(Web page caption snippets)
________
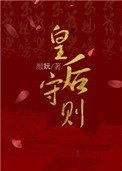 皇后守則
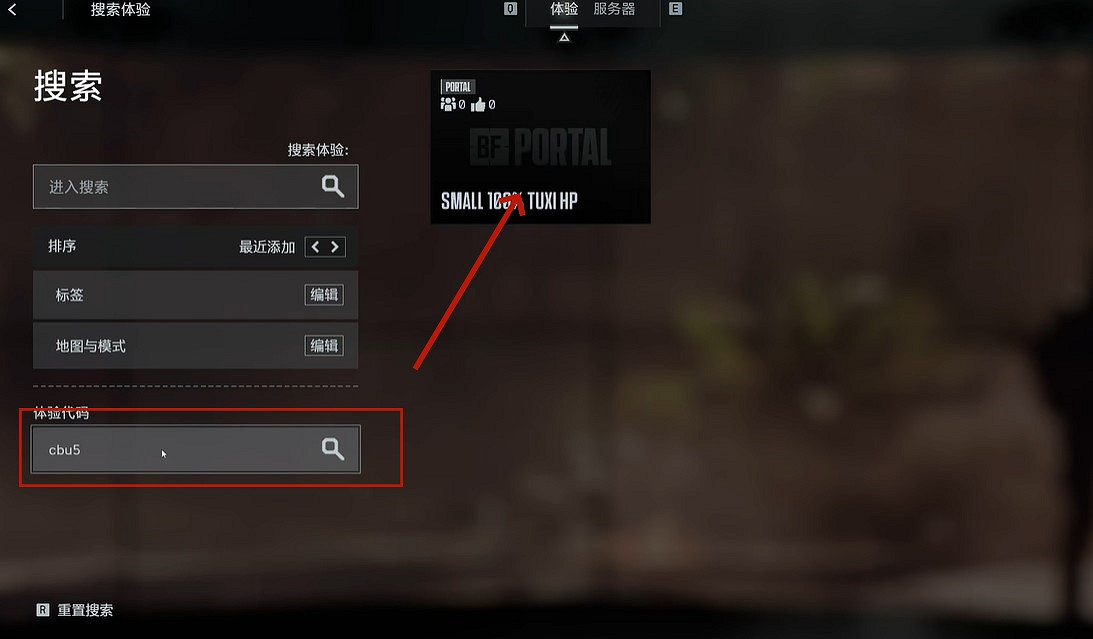 《戰地風雲6》治療隊友任務完成方法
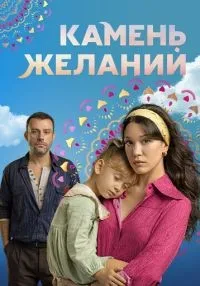 Камень желаний 1-20 серии смотреть онлайн бесплатно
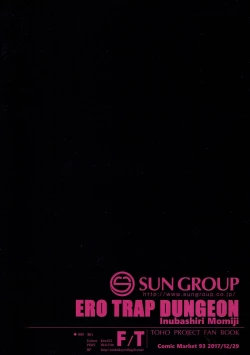 Page 22 of Shameimaru Aya Ero Trap Dungeon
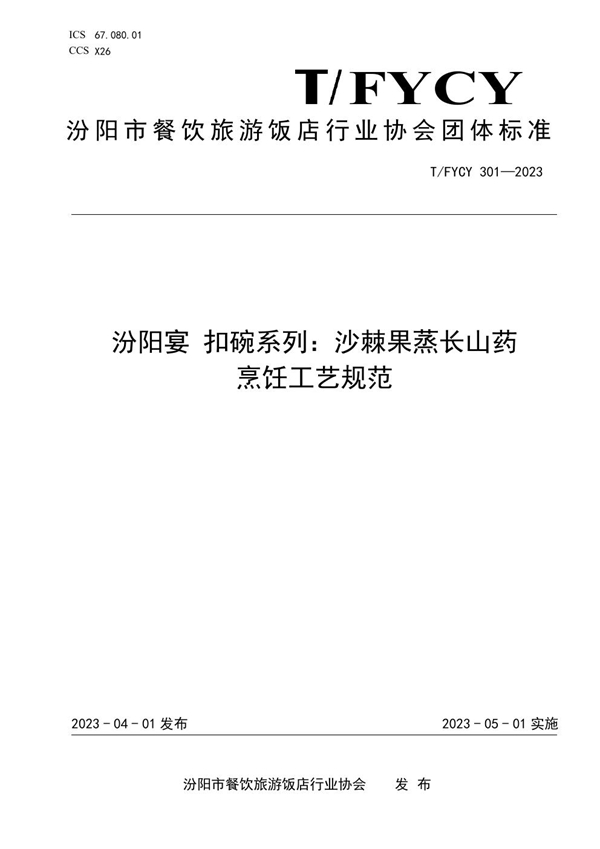 T/FYCY 301-2023 汾阳宴 扣碗系列：沙棘果蒸长山药烹饪工艺规范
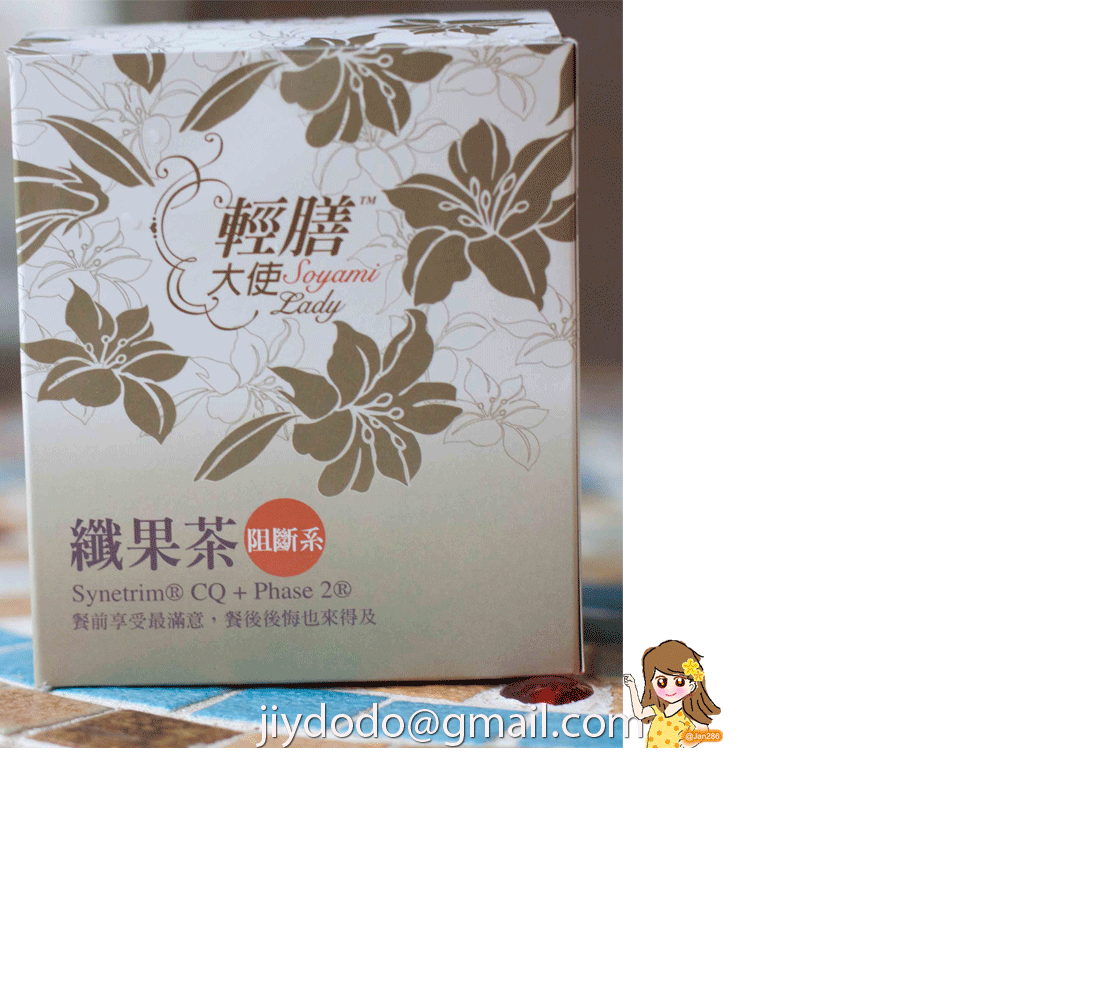 1-輕膳大使阻斷系纖果茶7動畫n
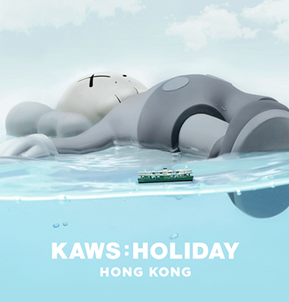 《KAWS:HOLIDAY》香港站概念圖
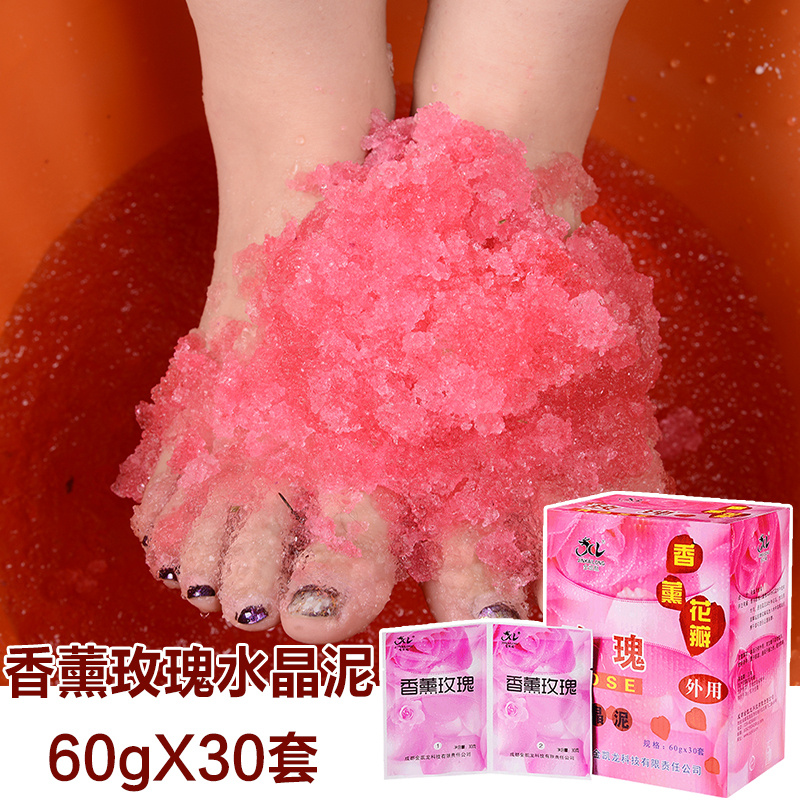 Rose Bubble Feet Crystal Clay Suit Bubble Foot Powder Bath Feet moisturizer Lotion Foot Bath Lotion Foot water foot bath Bath Supplies Bath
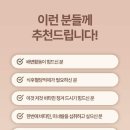 은뷰티 - 수성구 천을로 180 | 은뷰티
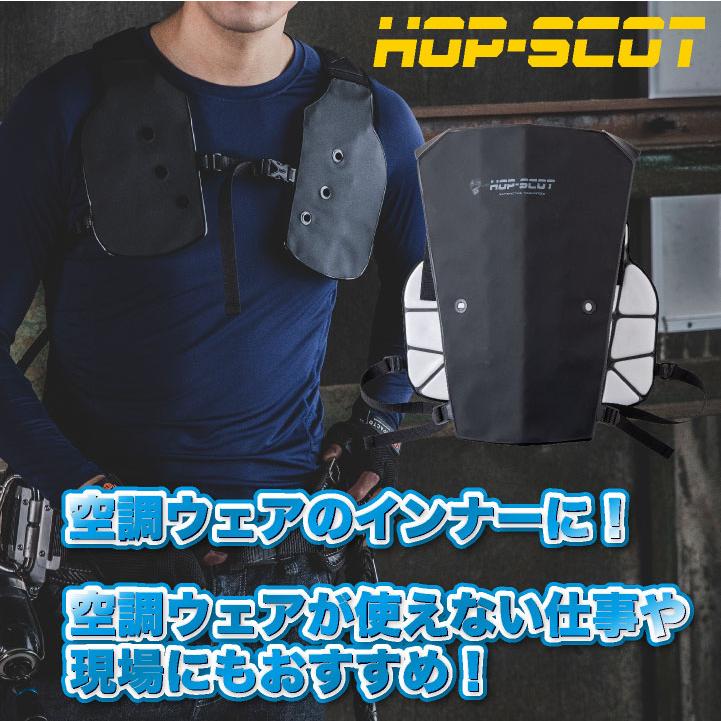 CUC HOPSCOT 冷却ベスト PCM アイスベスト アイスマン クールベスト 熱中症対策 猛暑対策 節電 涼しい 保冷剤 スポーツ ゴルフ フェス (即日出荷) cs-780092 |  | 04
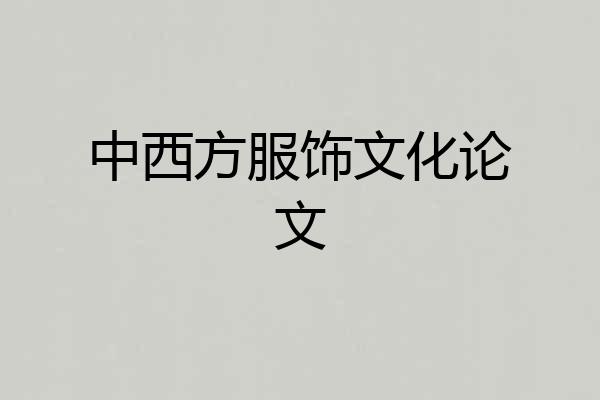 中西方服饰文化论文
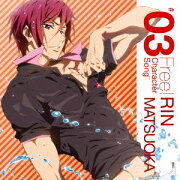 TVアニメ『Free!』キャラクターソング Vol.3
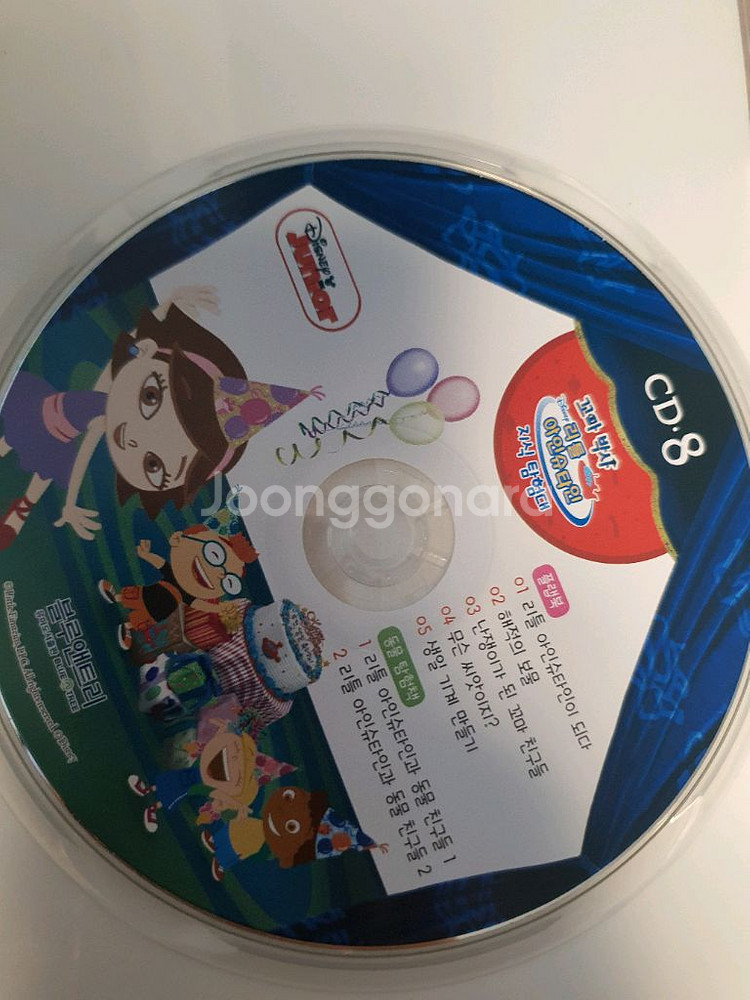 무료배송 디비디 20개 엄마아빠가 골라주는 만화위인전--4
________
Exercise directions
No pictures should appear in the answer, which is to be the lines from the line with "TVアニメ『Free!』キャラクターソング Vol.3" through the end of the records above, restated exactly.

Your response
 TVアニメ『Free!』キャラクターソング Vol.3
 무료배송 디비디 20개 엄마아빠가 골라주는 만화위인전--4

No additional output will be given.